🤖 AI Summary
To address data privacy and statistical heterogeneity in agricultural plant disease image classification, this paper proposes a fully decentralized federated learning framework that eliminates the central server and enables peer-to-peer collaborative training. Methodologically, it introduces two novel mechanisms grounded in validation loss: (1) an adaptive model-sharing strategy and (2) local loss-weighted correction, jointly optimizing inter-node knowledge exchange and local model updates. Furthermore, it integrates ResNet50, VGG16, and ViT-B16 into a unified architecture and designs a loss-aware adaptive weighting function to harmonize heterogeneous model contributions. Evaluated on the PlantVillage dataset, the approach achieves significantly higher accuracy and faster convergence than standard federated learning baselines, while demonstrating robustness under non-IID data distributions. Its serverless design and privacy-preserving nature make it particularly suitable for edge-deployed and privacy-sensitive agricultural applications.
📝 Abstract
Crop disease detection and classification is a critical challenge in agriculture, with major implications for productivity, food security, and environmental sustainability. While deep learning models such as CNN and ViT have shown excellent performance in classifying plant diseases from images, their large-scale deployment is often limited by data privacy concerns. Federated Learning (FL) addresses this issue, but centralized FL remains vulnerable to single-point failures and scalability limits. In this paper, we introduce a novel Decentralized Federated Learning (DFL) framework that uses validation loss (Loss_val) both to guide model sharing between peers and to correct local training via an adaptive loss function controlled by weighting parameter.
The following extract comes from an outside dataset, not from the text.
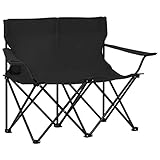 vidaXL Campingstuhl 2-Sitzer Klappbar Faltstuhl Klappstuhl Anglerstuhl Gartenstuhl Regiestuhl Stuhl Getränkehalter Stahl Stoff Schwarz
We conduct extensive experiments using PlantVillage datasets with three deep learning architectures (ResNet50, VGG16, and ViT_B16), analyzing the impact of weighting parameter, the number of shared models, the number of clients, and the use of Loss_val versus Loss_train of other clients. Results demonstrate that our DFL approach not only improves accuracy and convergence speed, but also ensures better generalization and robustness across heterogeneous data environments making it particularly well-suited for privacy-preserving agricultural applications.